"1... 2... 3... Hello. Anyone out there? Is there anyone left listening to me after my month long hiatus?" ***** tap tap tap ***** on the mike.
Hello blogging world - I'm back.
"So what!". Okay, WHAT-ever!
In a nutshell, I took some time off to repair some cracks and holes in my family life, get a new haircut which totally sucks and I'm pretty much left going out in public with a paper bag over my head, lurking everyone's blog, and reconnect with a ba-ZILLION friends and family on Facebook that I have seen or heard from in like 25 years. It's been one big reunion party over there of late.
Frankly, after Toni's teachers "diagnosis" of her having ADD here, I was beginning to think that I had it since my focus has been so off lately. I've just had my fingers in all kinds of pie's this past month, and some of them were pretty damn rancid!

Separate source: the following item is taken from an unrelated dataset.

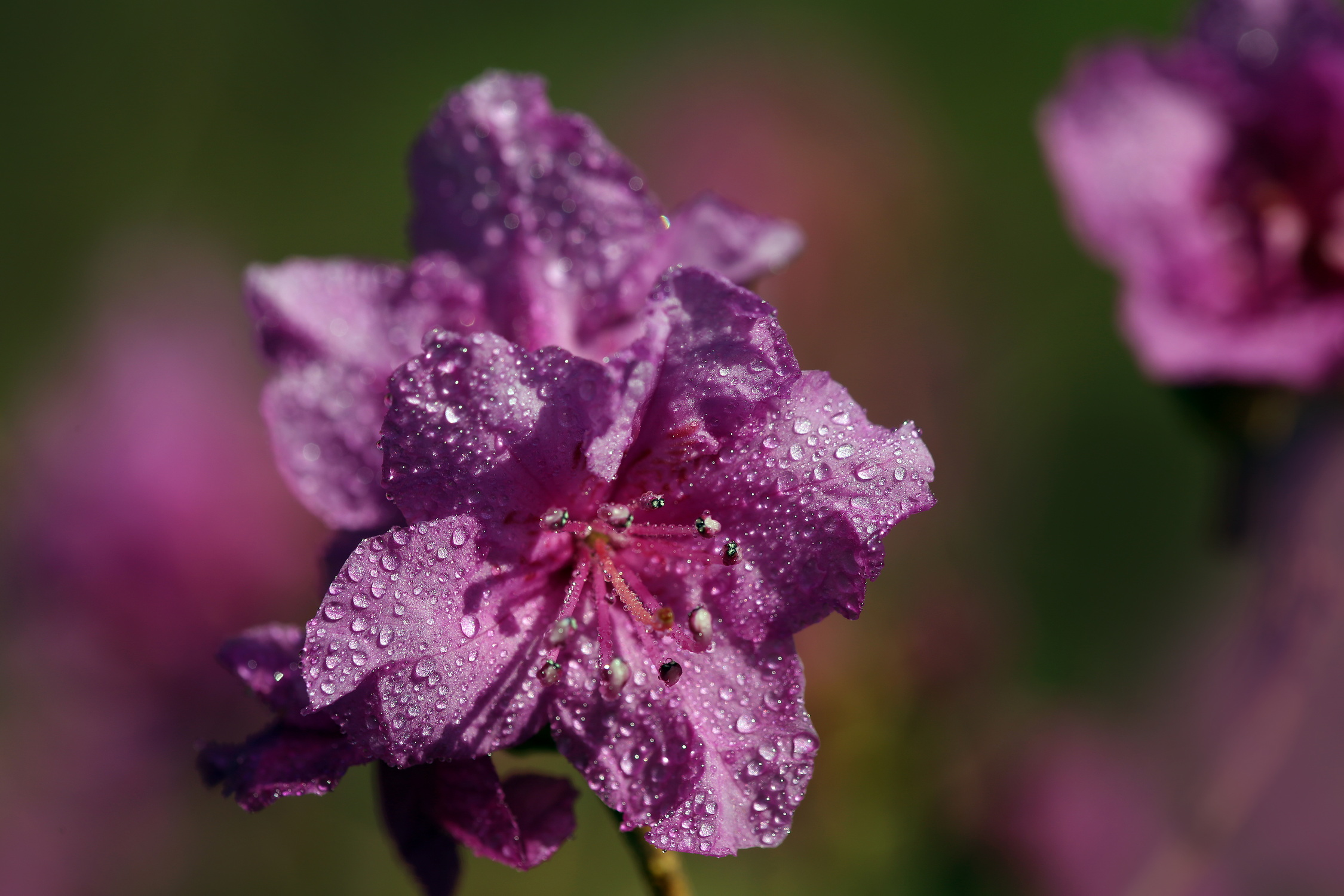 , Бибичков Михаил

So what have I been doing of late?
Well, the first hour before I started writing this morning was consumed with deleting 244 pictures that Nia took on my iPhone of random shots like the floor, the tops of tables, the computer mouse, her finger (smudged and blurred), and the wall. How does a four year old take so many shots of absolutely nothing is beyond me. Why I let her do it is another completely puzzling question.

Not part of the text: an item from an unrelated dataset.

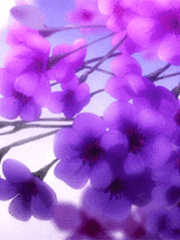 1차 캐릭터 및 패러디 인물 프로필 소개서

First, I lost my family about a month ago and I had to find them. They didn't leave home, they just all seemed to have left the "family unit" under my watch. So I did the thing that all crazy mothers do in my situation: I LAID DOWN THE LAW AND PULLED THE PLUG(S)!
The kids were fighting over the littlest things like who got more toothpaste on their toothbrushes, who had to actually pick up THE cheerio that fell to the floor and put it in the trash can, who's turn it was to pet the cat, look at the cat, etc., and actually have the kids look in their rooms to see that it was/is a complete disaster area that needs serious attention before the HazMat teams come out and move us out for harboring toxic waste dumps in our house.
Oh, and I had to remind them that the laundry DOES NOT fold and put itself away in their drawers with the help of some magic fairy pixie-person/mutation they saw on Disney the night before.
This is me glowing as a result of all the toxicity:
I leave you with some evidence:
Well.... what about the plug thing. The fights got so bad, and the neglect over basic household chores was so blatant, and everyone seemed to be in their own little corner of the house doing their own thing; i.e, glued to the TV, Xbox360, Wii, or computer, that I literally "pulled the plug" on it all!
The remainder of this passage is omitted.